On Wednesday after Game 5 Toronto victory I was doing my research and gathering data on all the ways the underdog Blue Jays were returning home to a raucous home crowd to win the World Series. Well, here it is Sunday and it just shows how predicting the outcome of a major league baseball game is – well – next to impossible.

I was all set to describe how the Dodgers, with their record-breaking payroll, and as talented as they are — with players like Shohei Ohtani, Mookie Betts, Freddie Freeman, Blake Snell, Tyler Glasnow, Max Muncy, Yoshinobu Yamamoto, and a couple other All-Stars — was simply not enough win it for the second straight season.  And, how the underdog Blue Jays were the gutsier team, a more cohesive unit that simply wanted it more, and how teamwork and chemistry is a better ingredient and far superior on the Blue Jays side of the ball.

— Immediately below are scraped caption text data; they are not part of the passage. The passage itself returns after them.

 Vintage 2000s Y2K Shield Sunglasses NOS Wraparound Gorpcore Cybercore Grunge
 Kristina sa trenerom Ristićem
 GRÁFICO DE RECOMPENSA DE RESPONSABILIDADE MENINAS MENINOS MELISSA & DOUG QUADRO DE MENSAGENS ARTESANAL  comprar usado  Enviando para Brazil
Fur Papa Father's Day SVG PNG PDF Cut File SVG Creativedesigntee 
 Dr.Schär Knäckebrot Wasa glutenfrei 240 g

Ken Rosenwald was a bit more fatalistic in this piece in The Athletic. https://www.nytimes.com/athletic/6762468/2025/10/30/los-angeles-dodgers-world-series-elimination/

I even had a title for my summary called – “Here is why the Blue Jays Triumphed — a Great Achievement.”  Well, I cannot write about how the Jays won the World Series this year but I can discuss how this Canadian team is more compelling and was a “better story” than the Dodgers.

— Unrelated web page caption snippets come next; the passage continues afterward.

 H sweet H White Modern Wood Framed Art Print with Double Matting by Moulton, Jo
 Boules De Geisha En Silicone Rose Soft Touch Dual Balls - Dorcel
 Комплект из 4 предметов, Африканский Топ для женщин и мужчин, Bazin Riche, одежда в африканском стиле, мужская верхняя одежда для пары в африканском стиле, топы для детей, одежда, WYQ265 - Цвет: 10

The series results and all the action was what will be remembered above everything else but the performance and the “story of the Blue Jays season” will not be forgotten. I am born and raised in the San Francisco Bay Area and a San Francisco Giants fan through and through so I do have that bias when teams play the Dodgers but it is more than that.

The Blue Jays entered this series being serious underdogs to a loaded Dodger team that appeared to be unstoppable. It is a team that I am learning had an incredible connection to one another.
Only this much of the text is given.